I’ve often joked that Louisville’s effort to build bourbon tourism as a gigantic revenue source looks like a plan to turn Louisville into an urban version of the Napa Valley.
Since the late 1800s, Napa has lured tourists to come visit wineries, learn about wine, taste the stuff and, not incidentally, spend time and money at local eateries, taverns and hotels. Who could blame our city government and business leaders for wanting to do something like that too, only with bourbon?
Great concept. But is it working? I wasn’t sure until I met Mark Joseph Carter, owner of California’s Carter Cellars at Envy Winery. Carter is a Napa wine maker who came to Kentucky to make bourbon, and he currently runs the Old Carter bourbon brand.
Carter, a native of Eureka, California and host of the highly regarded Carter House Inns there, got into the wine business around 20 years ago.
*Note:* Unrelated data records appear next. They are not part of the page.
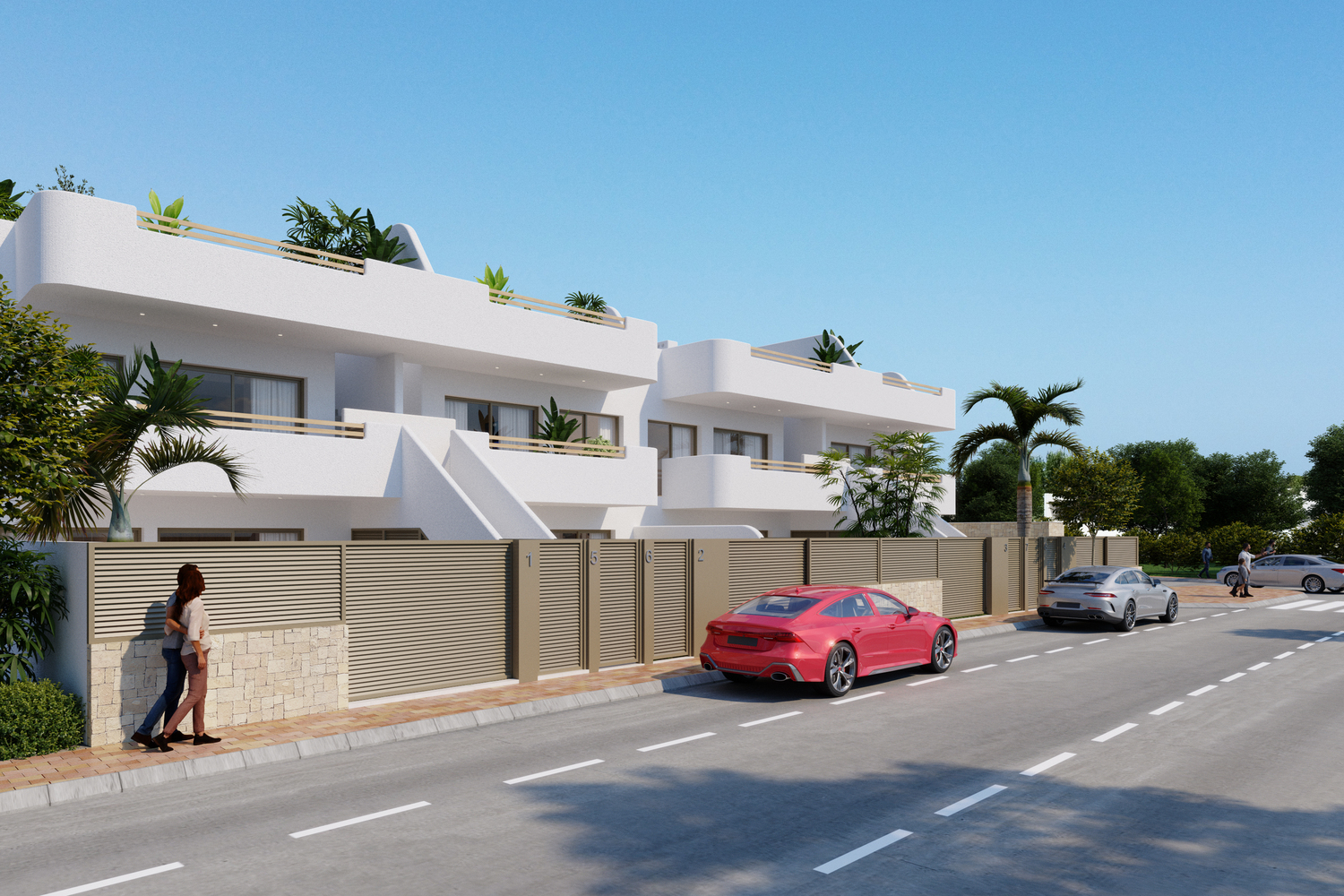 Vooraanzicht Alma Bungalows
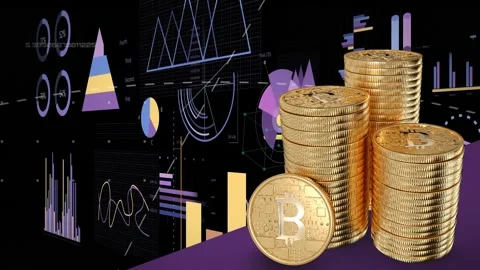 Animation of financial data processing over stacks of gold bitcoins Stock Footage 247259181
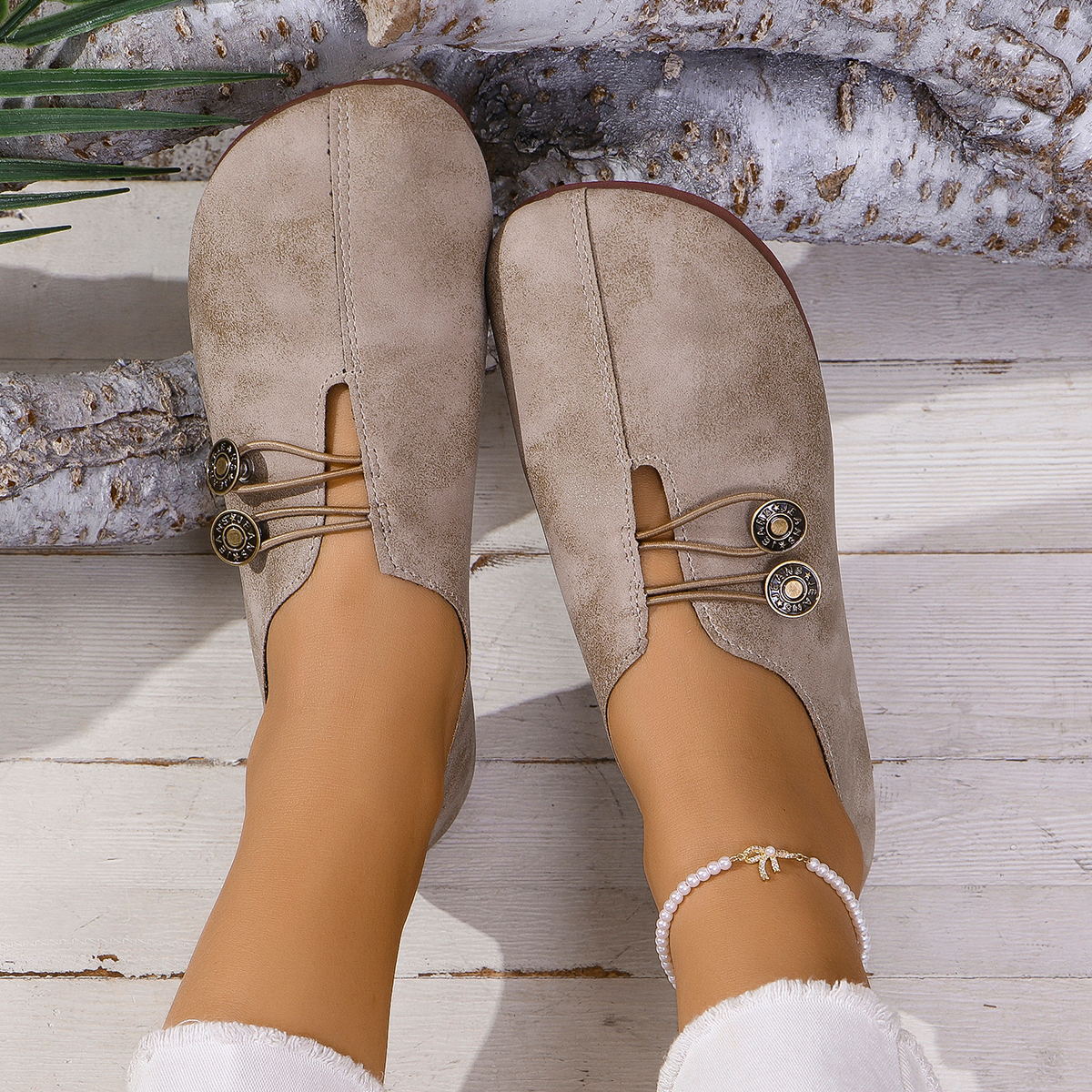 PU Leather Slip-On Sandals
Working with respected wine maker Nils Venge, he sourced grapes from top Napa Vineyards to blend a rich, strong, double-oaked and barrel-aged Carter Cellars wine that earned leading wine critic Robert Parker’s 100-point rating. That sent Carter Cellars wines into the popularity and price stratosphere.
“It’s been quite a journey,” he said. Along the way, he had made a Kentucky connection through the innkeepers’ trade. Traveling the country years ago as head of an innkeepers’ trade association, he met Chuck Dedman, then owner of Harrodsburg’s historic Beaumont Inn.